AB Kurulu Lideri Michel ve AB Kurulu Lideri Von der Leyen, 25 Mart’ta yapılan ve “Türkiye’yle kaideli işbirliği” bildirisi çıkan doruğun akabinde dün Ankara’ya geldi. Cumhurbaşkanlığı Sarayı’nda Cumhurbaşkanı Erdoğan’la 2 saat 45 dakika süren bir görüşme gerçekleştiren Michel ve Leyen, görüşmeye ait AB Türkiye Delegasyonu’nda bir basın toplantısı düzenledi. Türkiye’nin son periyotta AB ile “yapıcı bir biçimde bağ kurmak istediğini gösterdiğini” belirten Leyen, “Biz de Türkiye’yle münasebetlerimize ivme katmak için geldik” dedi. Gümrük Birliği’nin güncellenmesi ve göç mutabakatı üzere işbirliği alanlarını görüştüklerini belirten Leyen, “Sığınmacılara yönelik AB yardımının devam etmesi gerektiği konusunda kararlıyız” dedi ve göç mutabakatı konusunda Türkiye’nin yükümlülüklerini tam olarak yerine getirmesini beklediklerini söyledi.
‘YOLUN BAŞINDAYIZ’
Von der Leyen, ilgilerin geleceğiyle ilgili “Gelecekte daha iyi bağlantılar inşa etmek istiyoruz, lakin şu an bir yolun başındayız, bu yolun bizi nereye götüreceği yalnızca müzakerelerin içeriğine bağlı değil. Münasebetiyle son haftalarda gördüğümüz ivmenin sürdürülebilirliği kanıtlanmalı” dedi.
HUKUK VURGUSU
AB Kurulu Lideri Charles Michel de “AB, ekonomik iş birliği, göç ve halklar ortasında ilişkiyi artırmak için somut gündem sunmaya hazır” dedi. Michel, AB’nin Türkiye’ye mülteciler konusundaki dayanağıyla ilgili “Komisyon yakında Türkiye, Ürdün ve Lübnan’daki mültecilerin finansmanı için bir teklif sunacak” dedi. Michel, Türkiye’ye bilhassa Gümrük Birliği’nin güncellenmesi ve mülteci mutabakatı üzere hususlarda somut adımlar için ise Haziran’daki AB Zirvesi’nden sonrasını işaret etti.
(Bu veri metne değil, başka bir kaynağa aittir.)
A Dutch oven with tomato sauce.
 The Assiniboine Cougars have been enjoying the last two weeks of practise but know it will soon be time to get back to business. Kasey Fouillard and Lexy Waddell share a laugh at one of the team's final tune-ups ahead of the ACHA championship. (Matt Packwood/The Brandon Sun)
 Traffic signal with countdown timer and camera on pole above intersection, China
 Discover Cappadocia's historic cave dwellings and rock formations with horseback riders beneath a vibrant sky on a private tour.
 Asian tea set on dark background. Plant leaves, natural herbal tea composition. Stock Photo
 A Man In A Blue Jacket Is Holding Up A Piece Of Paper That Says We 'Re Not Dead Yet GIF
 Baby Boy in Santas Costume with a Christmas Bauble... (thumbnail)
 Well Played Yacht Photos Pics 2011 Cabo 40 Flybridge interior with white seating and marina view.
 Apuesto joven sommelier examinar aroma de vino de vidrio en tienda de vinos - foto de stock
YENEL: BAĞLANTILAR ‘AL-VER’E SIKIŞTI
Türkiye’nin AB Daimi Temsilciliği ve AB Bakanlığı Müsteşarlığı vazifelerini de yürütmüş olan emekli büyükelçi Selim Yenel, Ankara’da yapılan Türkiye-AB görüşmesini Cumhuriyet’e kıymetlendirdi. Yenel, “Bu ziyaret, iki tarafın münasebetlerinde yeni bir başlangıç. Haziran ayına kadar Türkiye’nin son periyotta izlediği siyasetin ne ölçüde sürdüğünü değerlendirecekler. Bu siyaset devam ederse Haziran ayından itibaren münasebetlerde daha yeni açılımlar bekleyebiliriz. Ama Haziran’a kadar kayda kıymet somut adım beklememek gerekiyor” dedi.
Yenel, von der Leyen ve Michel’in lisana getirdiği Türkiye’deki “hukukun üstünlüğü” konusundaki kaygılarla ilgili “Zirve bildirisinde Türkiye konusu daha çok Doğu Akdeniz odaklıydı, sona hakikat insan hakları ve hukukun üstünlüğüne değiniyorlardı. Lakin AB’deki çeşitli çevrelerden gelen tenkitler çerçevesinde Ankara’da bu bahisleri daha fazla gündeme getirme gereksinimi hissettiler” diye konuştu. Türkiye-AB münasebetlerinde son devirde üyelik müzakerelerinin büsbütün gündemden düşürüldüğüne dikkat çeken Yenel, “Türkiye-AB bağlantıları bir al-ver çerçevesine sıkıştırıldı. AB, Türkiye’ye aday ülke değil, üçüncü bir ülkeymiş üzere muamele ediyor. Türkiye’nin bu niteliğinin gündemde tutulması gerekiyor” dedi.
İlgilerde Haziran’dan sonra yeni bir ivme beklenebileceğini belirten Yenel, şöyle konuştu: “Taraflar ortasında karşılıklı olarak bu adımlar atılabilirse taraflar ortasında bir inanç ortamı oluşabilir. Türkiye’den tansiyonu yükseltmemesini talep ediyorlar, Türkiye geri adım atınca işler yumuşadı. Bu ortamın korunması için Yunanistan ve Rum tarafının da tahrikten kaçınması gerekiyor.”